Limitations & Future Work

  • Dependency on prior profiling: Communication characteristics must be profiled and stored for each model/GPU type; new models require additional measurement, increasing deployment lead time.
  • Three-tier topology assumption: The algorithm is designed for leaf-spine-core three-tier topologies; other topologies (e.g., Dragonfly, Torus, rail-only) require adaptation.
  • Static scheduling: Placement is fixed after assignment and is not re-optimized in response to node failures or load changes during training.
  • Inter-job interference not modeled: Although the appendix discusses inter-job interference in shared clusters, the scheduling algorithm does not explicitly model network congestion.
  • MIP solver scalability ceiling: For future clusters exceeding 100,000 GPUs, MIP solve time may become a bottleneck.
  • Future directions: (1) Dynamic rescheduling—re-optimizing placement based on actual communication load during training; (2) Integration with elastic training—automatic re-alignment upon node addition or removal; (3) Incorporating network congestion and multi-tenant interference into the objective function.
  • vs.
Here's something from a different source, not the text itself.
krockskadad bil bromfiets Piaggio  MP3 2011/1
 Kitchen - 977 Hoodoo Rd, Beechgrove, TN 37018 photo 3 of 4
MegaScale: MegaScale applies full-stack optimization (communication, computation, fault tolerance), while Arnold focuses on the scheduling layer and is orthogonal to MegaScale—yielding an additional 10.6% improvement on top of MegaScale.
  • vs. traditional GPU schedulers: Gandiva, MLaaS, and similar systems optimize GPU locality via bin-packing but are unaware of the LLM communication matrix structure.
  • vs. Topo-aware: Existing topology-aware schedulers use graph partitioning but consider only data-parallel communication, ignoring the DP–PP trade-off.
  • Insight: As LLM model scale continues to grow, communication optimization will become the primary lever for training efficiency; scheduling-level "zero-cost" optimizations are particularly attractive.

Rating

  • Novelty: ⭐⭐⭐⭐ First systematic alignment of LLM hybrid-parallel communication patterns with network topology; MIP formulation is clean and well-motivated.
  • Experimental Thoroughness: ⭐⭐⭐⭐⭐ Three-tier validation (simulation + 208 GPUs + 9,600+ GPUs), covering communication micro-benchmarks, end-to-end throughput, and breakdown analysis.
  • Writing Quality: ⭐⭐⭐⭐ Problem definition is clear, figures and tables are comprehensive, and industrial experience is well integrated with academic analysis.
  • Value: ⭐⭐⭐⭐⭐ A 10.6% production-level gain at thousand-GPU scale translates to enormous compute savings, and the approach is composable with other optimizations.